─── RECORDS PROVIDED ───
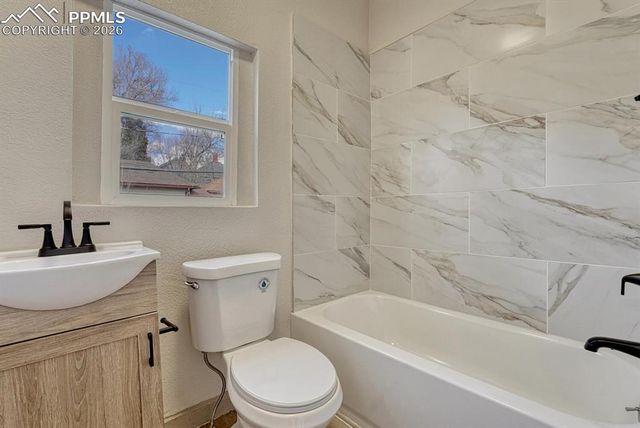 422 E Boulder Street, Colorado Springs, CO 80903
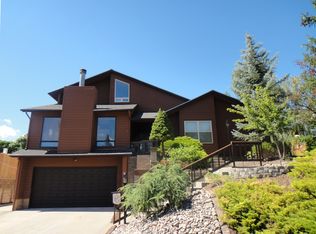 122 Ridgecrest Dr, Klamath Falls, OR 97601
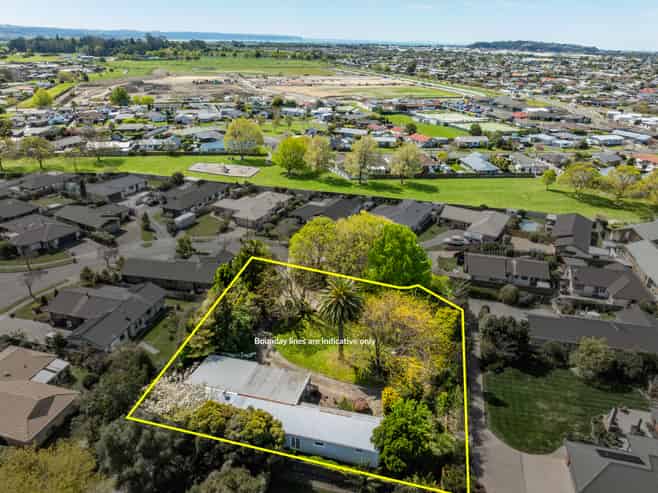 12 Hyatt Grove, Greenmeadows
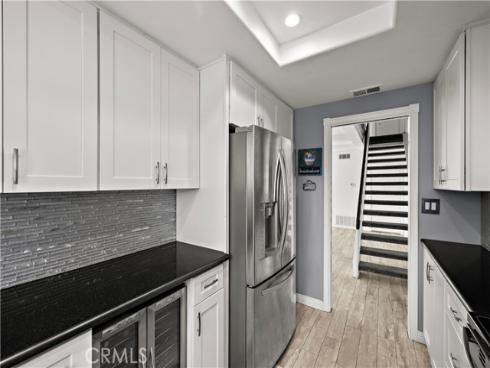 600 Lassen Ln , Costa Mesa, CA
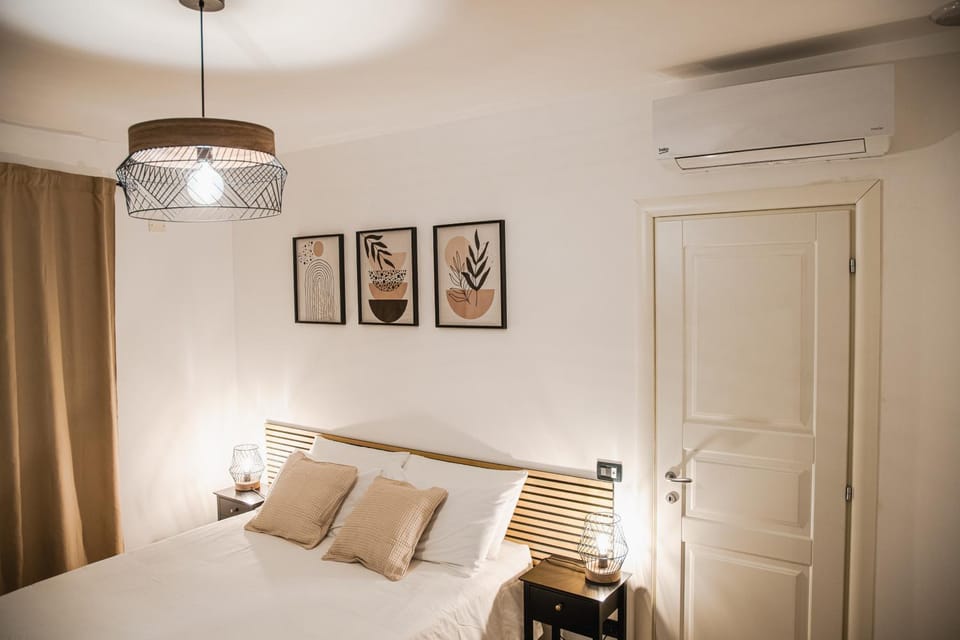 Bedroom, air conditioner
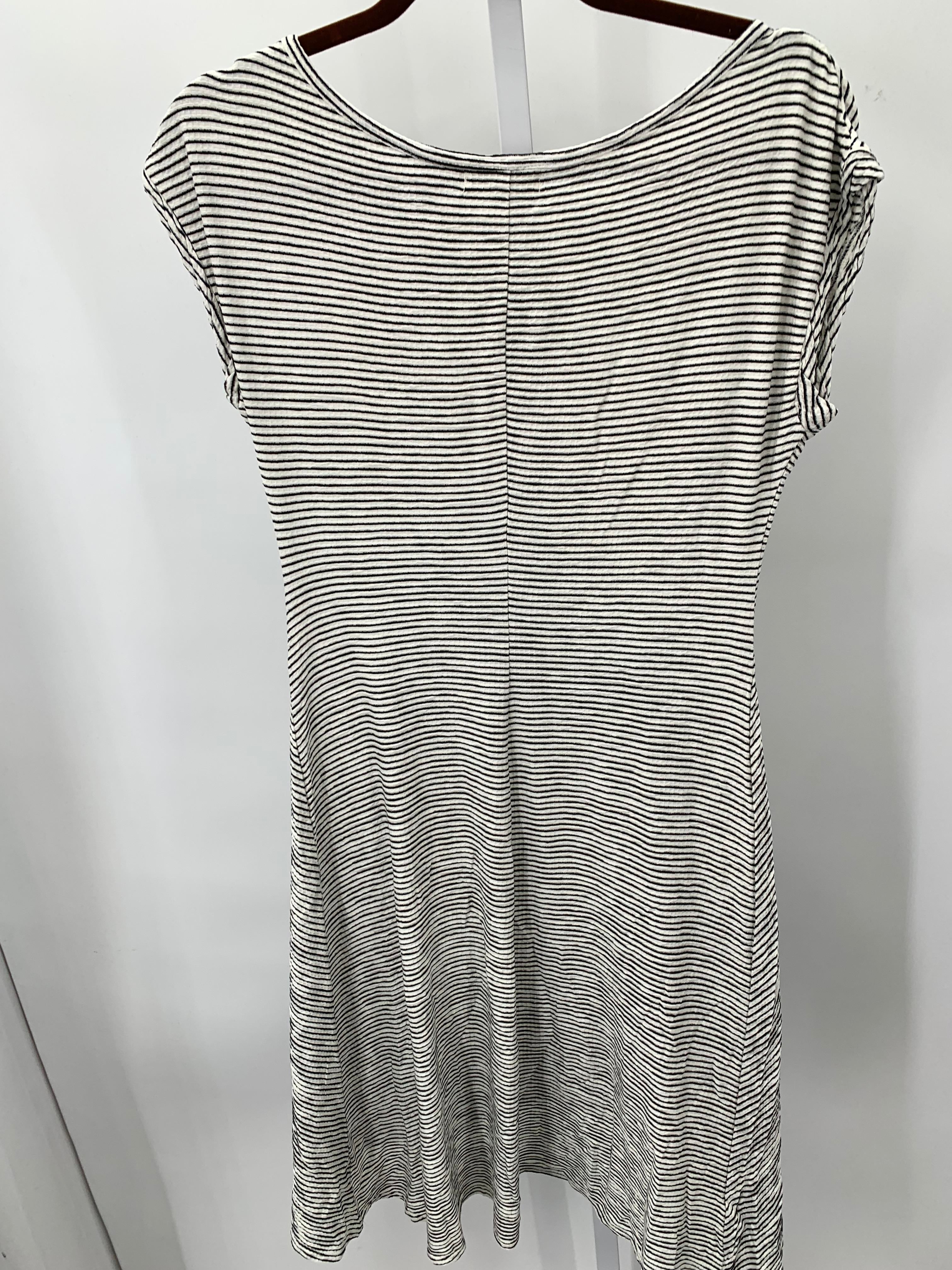 Max Studio Size Medium Misses Short Sleeve Dress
───
## ABOUT THIS EXERCISE
Exactly as written, copy the entries above without their pictures.

## COMPLETED EXERCISE
 422 E Boulder Street, Colorado Springs, CO 80903
 122 Ridgecrest Dr, Klamath Falls, OR 97601
 12 Hyatt Grove, Greenmeadows
 600 Lassen Ln , Costa Mesa, CA
 Bedroom, air conditioner
 Max Studio Size Medium Misses Short Sleeve Dress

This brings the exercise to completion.